L’industrie de la ligne de basse sale et suintante héritée du rock’n’roll pensait tenir sa revanche ces jours-ci, ressortant deux de ses plus glorieux produits sur les flancs électroniques. Deux ? Un et demi, en fait. Avant que le premier ne rate sa cible et le second n’élude la question. Récit d’un rendez-vous manqué.

En 2003, Soulwax, division électro-rock galvanisée par la notoriété de son doppelgänger 2 Many DJs, délivre dans un accès de confiance le diptyque Any Minute Now et son versant dancefloor, Nite versions -collection d’hymnes pour stadiums accros à la bière, aux frites et au foot, tentant vainement de caresser les vinyles, de l’huile plein les doigts.

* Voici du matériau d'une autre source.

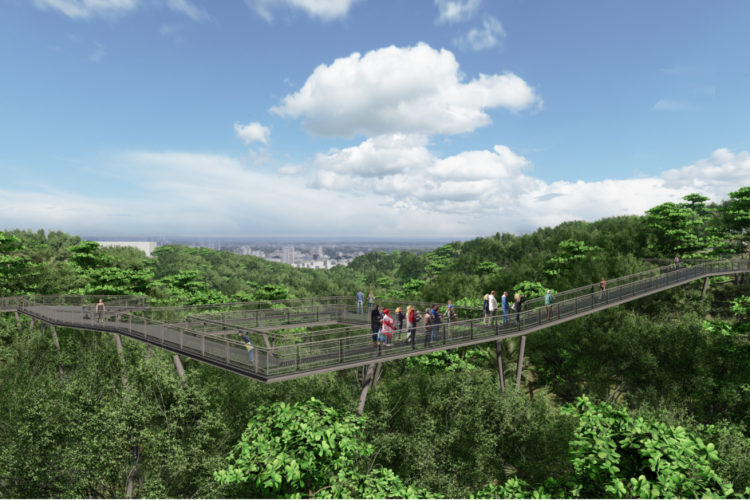 Mirante - Vitoria da Conquista - BA (1)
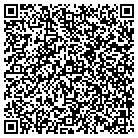 QR code with Tiger's Eye Enterprises contacts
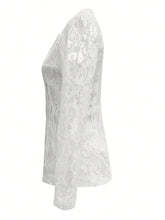 Load image into Gallery viewer, 1607e099aa284338818402cbc8f8ab3d-Max-Origin
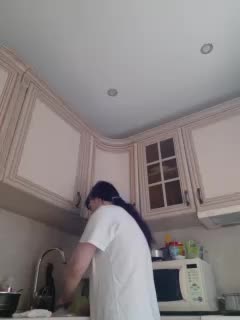 Zlykaa Приват Записи 2026-03-10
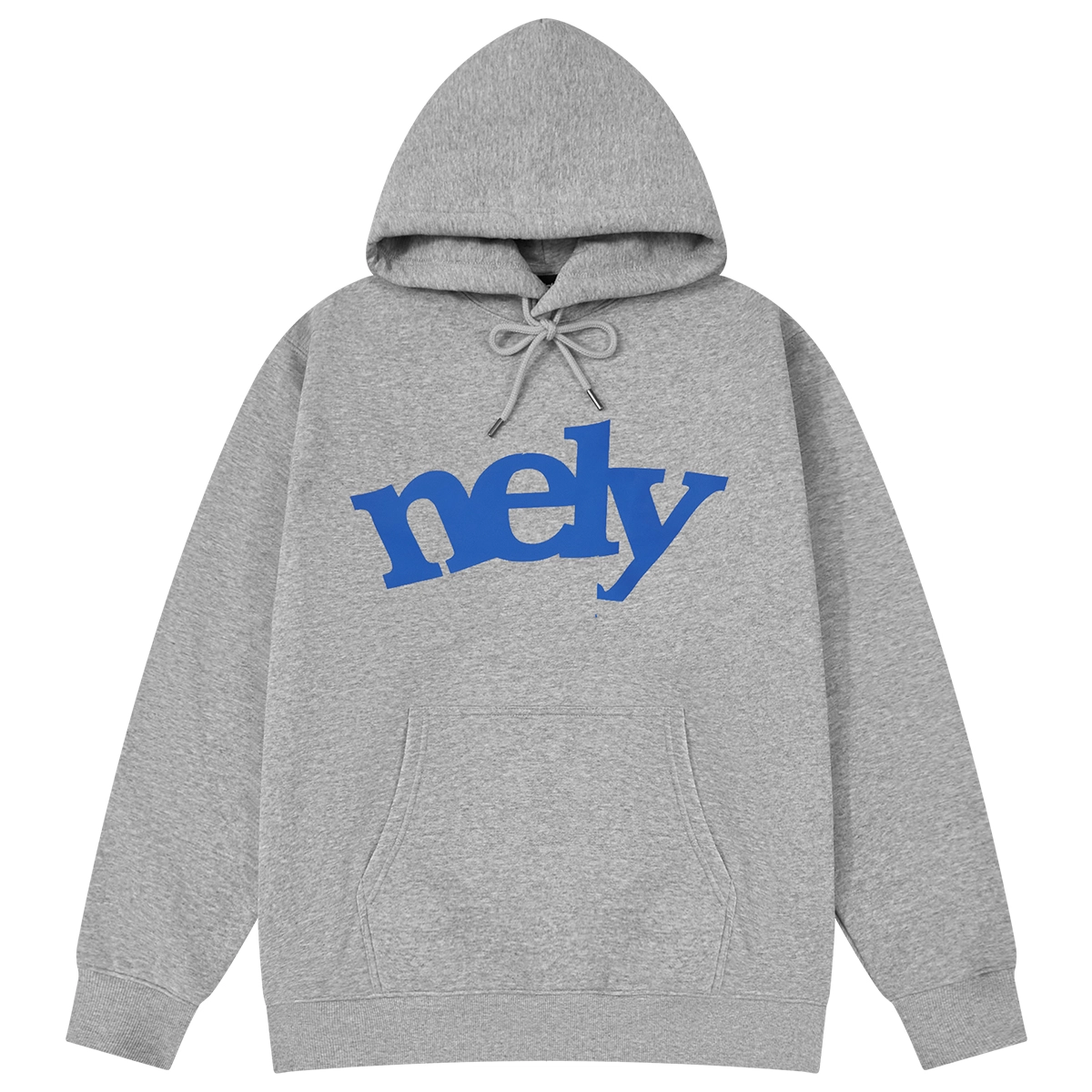 NELY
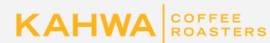 Coffee Roasting Company Franchise Opportunity
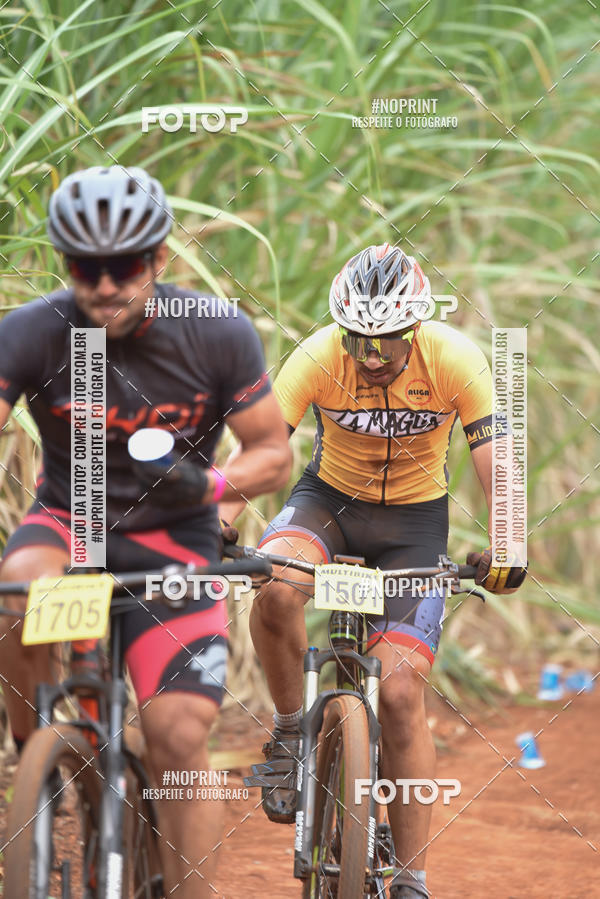 Buy your photos of the eventDESAFIO DO SERTO - ALIGA 3 Etapa on Fotop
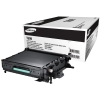 HP SU424A (CLT-T609) transfer belt (origineel) 092586 - 1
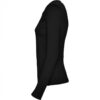 Polera Extreme - Imagen 12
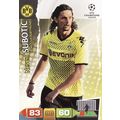 Adrenalyn XL Champions League 2011/2012 Neven S...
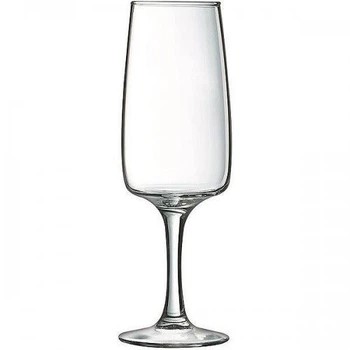 Бокал для шампанского Equip Home 170 мл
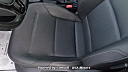Thumbnail image of 2015 Volkswagen Golf at RVA Motors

Un disque aussi maladroit aurait dû logiquement se casser la gueule et exploser en morceaux. Au lieu de ça, il a implosé en boîtes de nuits et soirées SupDeCo où l’on se farcit encore le slogan NY Excuse par menus XXL. Depuis, Soulwax n’a plus quitté sa gestation et le label Skint, fier de son avatar Goose, nous envoie aujourd’hui le caca d’oie Bring it on comme un échantillon ketchup gratuit en supplément. Impressionnant deux minutes, ce gang de prépubères nous ressert les mêmes fish’n’chips cheap (British mode), basses clinquantes et hand claps métronomiques à la chaîne (Black gloves) qui, s’ils espèrent faire fondre de chaleur les dancefloors avec leurs sursauts pompiers Bring it on et Check, accusent en réalité une frite aussi molle qu’un plat réchauffé au micro ondes -écoutez ce Slow down, sorte d’early Phoenix sous ritaline. Les pauvres gémissent Give me a reason to cool you down, an explanation, nous glissent un bon de réduction à valoir sur leur Everybody putassier, mais on finit par se barrer. Junk Food.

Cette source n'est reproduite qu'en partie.